La ministre de la Santé Agnès Buzyn a confirmé ce 31 août, sur CNews, que l'entrée en vigueur de l'obligation vaccinale étendue aux onze vaccins pédiatriques, décidée avant l'été, sera effective à partir du 1er janvier 2018. Les vaccins contre la coqueluche, la rougeole, les oreillons, la rubéole, l'hépatite B, l'Haemophilus influenzae, le pneumocoque, et le méningocoque C, aujourd'hui fortement recommandés, seront donc obligatoires au même titre que ceux contre la diphtérie, le tétanos et la poliomyélite (DTP).

« Nous laisserons évidemment le temps aux familles de se mettre en ordre de marche car il est hors de question de pousser les gens à vacciner dans l'urgence, a dit la Pr Buzyn. Nous parlons des 10 ou 15 % d'enfants qui ne sont pas vaccinés (par ces vaccins fortement recommandés), ce qui met en danger les autres enfants et favorise la réémergence d'épidémies pour lesquelles il y a des morts aujourd'hui. Il faut que (ceux-ci) se mettent en ordre de marche pour protéger le reste de la population. »

La ministre n'a pas livré de détails au sujet d'une éventuelle clause d'exemption, proposée dans les conclusions de la concertation citoyenne présidée par le Pr Alain Fischer mais délicate à mettre en œuvre sur le plan juridique. « Mon objectif n'est pas de sanctionner.
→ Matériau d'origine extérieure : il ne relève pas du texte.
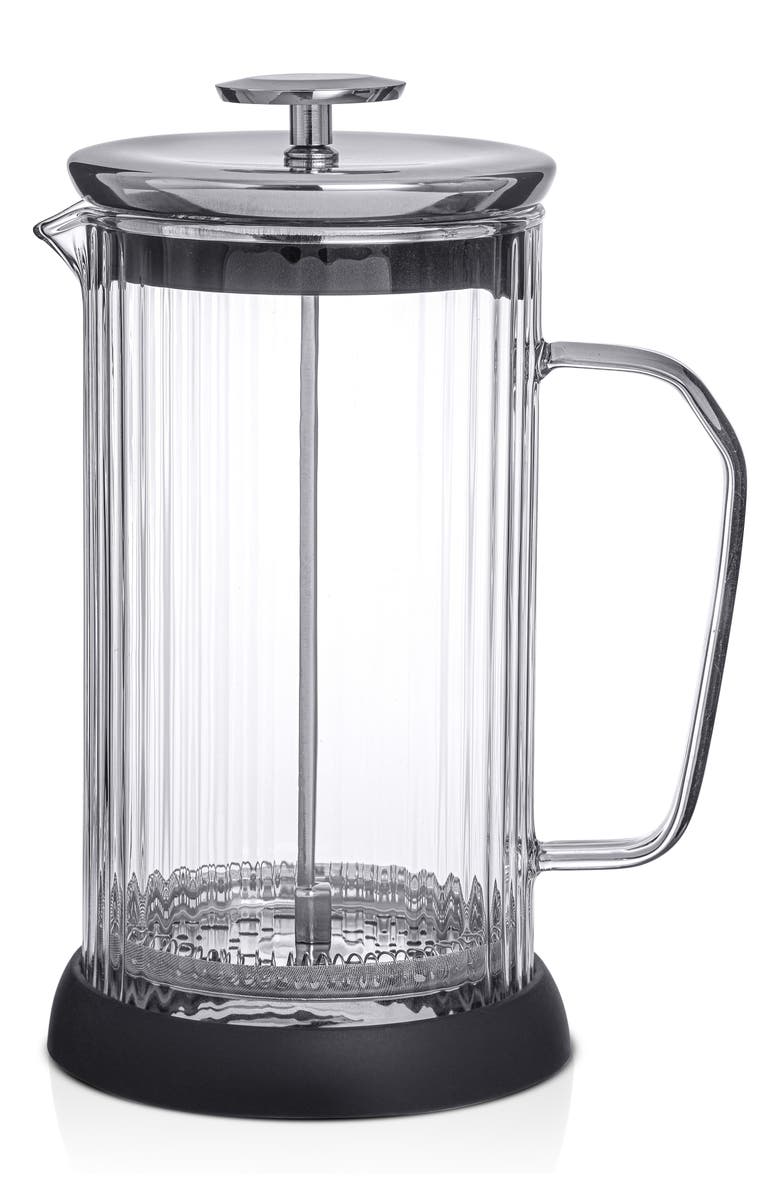JoyJolt Fluted Glass French Press, Main, color, Clear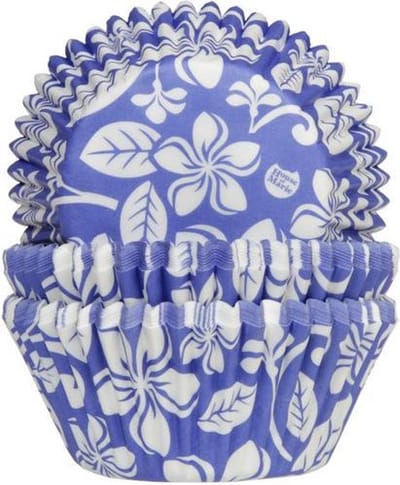 House of Marie Cupcakevormpjes Aloha Bloem Blauw pk/50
L'objectif de cette obligation, c'est de rendre la confiance aux Français », a-t-elle indiqué. 

Tabac : un euro par an sur trois ans, prône la ministre

Tout en précisant que les arbitrages étaient encore en cours, Agnès Buzyn s'est prononcée en faveur d'une augmentation « importante et progressive » des prix du tabac : un euro par an sur trois ans, avec l'objectif d'atteindre « un paquet à dix euros » d'ici à 2020. « Nous n'allons pas le faire d'un coup car je veux que les Français aient le temps de se préparer à arrêter de fumer », a-t-elle justifié. 
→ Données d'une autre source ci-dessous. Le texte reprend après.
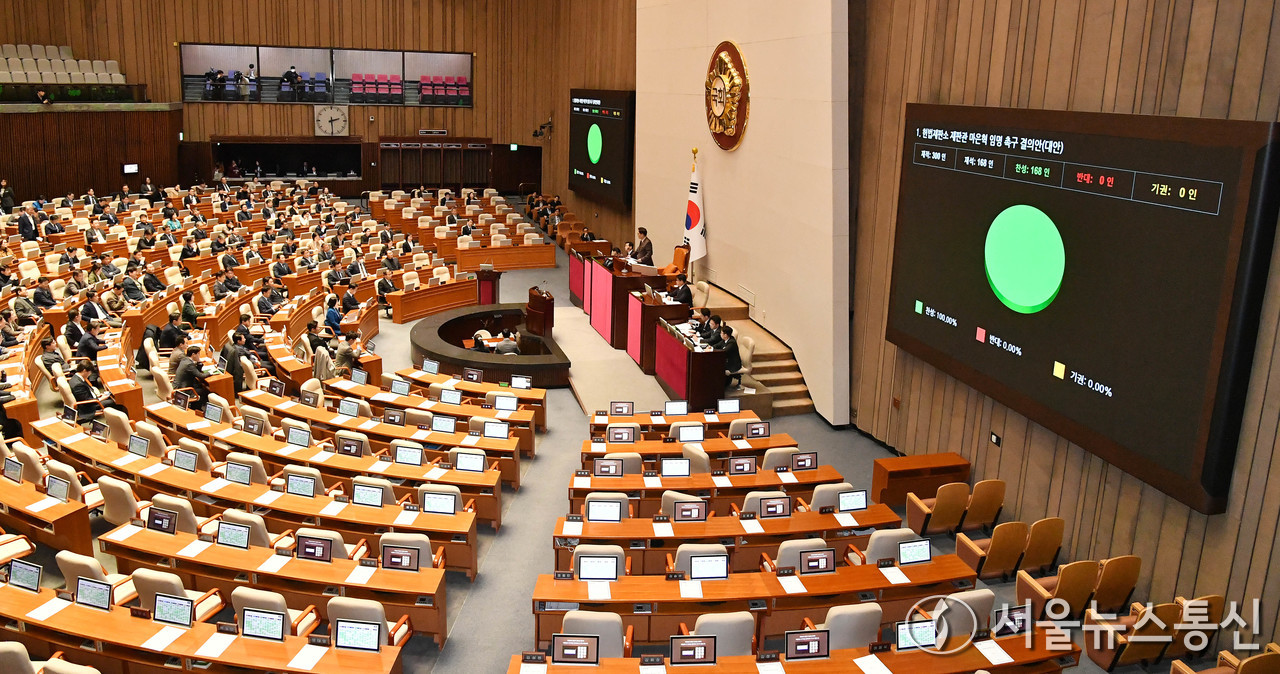 14일 서울 여의도 국회에서 열린 제422회 국회(임시회) 제6차 본회의에서 헌법재판소 재판관 마은혁 임명 촉구 결의안이 재석 168인, 찬성 168인으로 가결되고 있다. 국민의힘 의원들은 이에 반발해 회의장을 집단 퇴장했다. (2025.02.14) / 사진 = 서울뉴스통신 이창호 기자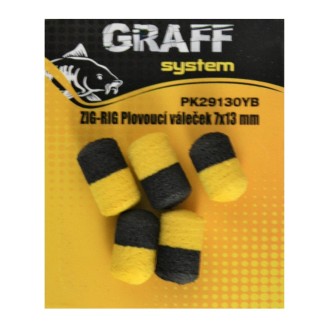 Graff Zig-Rig Plovoucí váleček 7x13mm Žlutá/Černá 5ks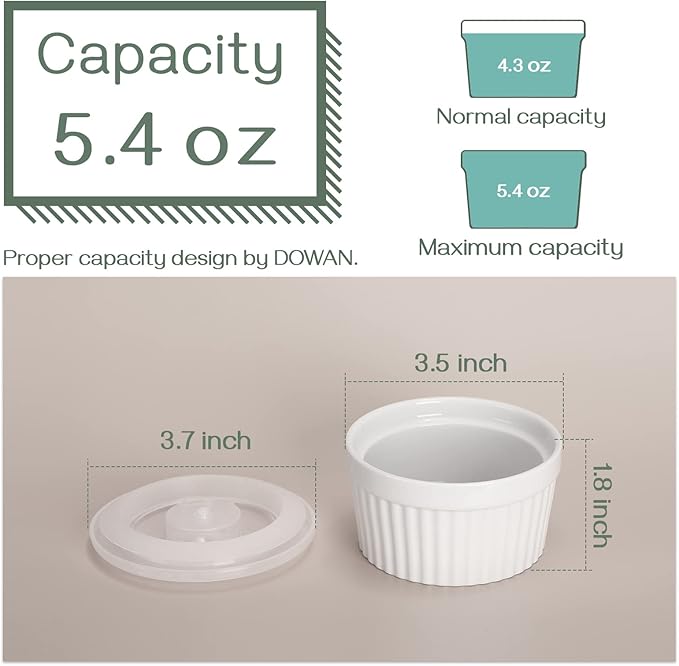DOWAN Ramekins with Lids 4 oz Oven Safe, Creme brulee Souffle Dishes Ramekins with Covers, Porcelain Small Bowls for Baking Custard Cups, Set of 6, White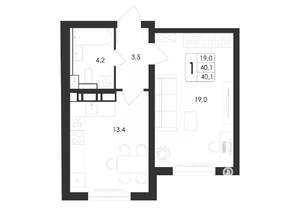 1-к квартира, вторичка, 40м2, 2/17 этаж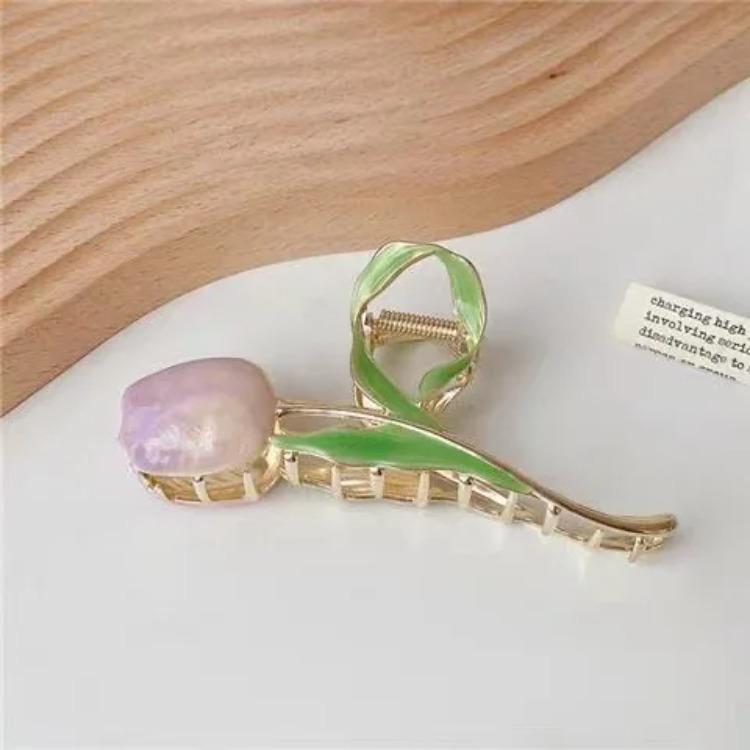 New Tulip Hair Claw Flower Grace Shark Clip Headdress Vintage Ponytail Claw Clip Trendy Sweet HAIR CLIP FOR GIRL Hair Jewelry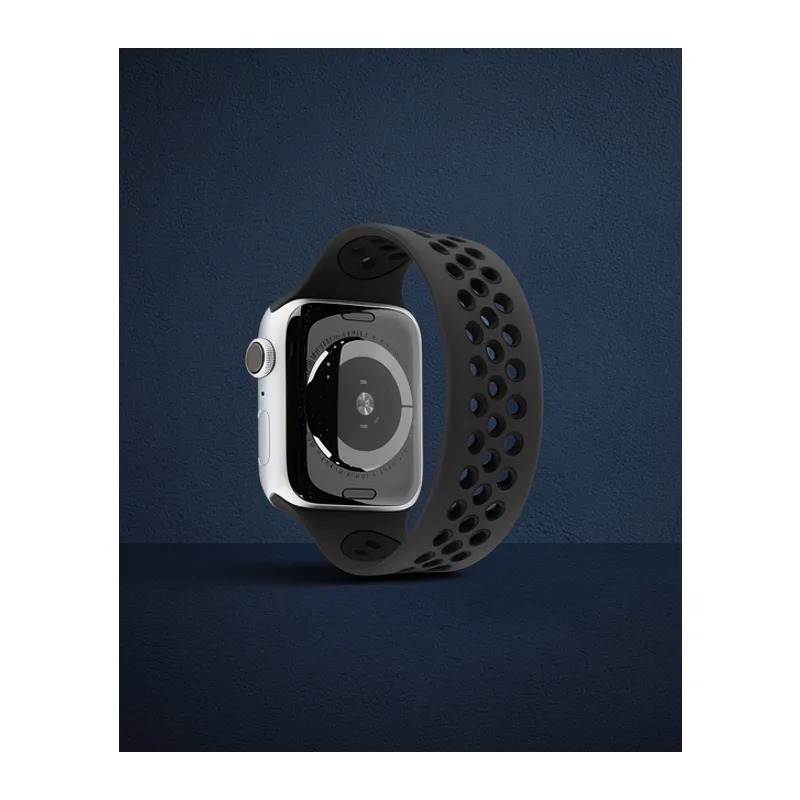 Apple Watch 38mm Ayarlı Delikli Silikon Kordon - Siyah-siyah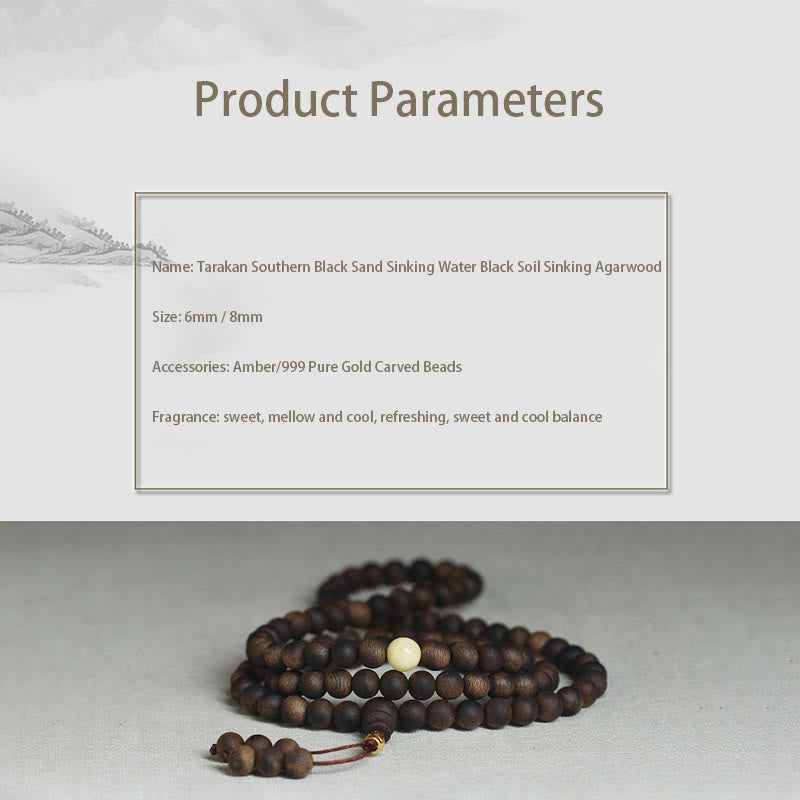 Bracelet Mala en bois d'agar de 8 mm pour la protection et l'équilibre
Agnès Buzyn veut que ce levier financier s'insère dans un plan global, comprenant en parallèle des mesures « pour aider les buralistes et lutter contre la fraude, notamment l'importation de tabac à bas prix, vendu à la sauvette ». Elle a insisté sur l'importance d'améliorer la traçabilité et d'harmoniser les prix au niveau européen. 

Enfin, pour lutter contre l'alcoolisme des jeunes, Agnès Buzyn travaille avec le ministre de l'Éducation nationale, Jean-Michel Blanquer, à un plan d'éducation à la santé, à l'alimentation, et aux comportements. « Nous avons un problème d'information : beaucoup de Français ne connaissent pas la gravité de l'alcoolisme », notamment pendant la grossesse, a-t-elle déploré.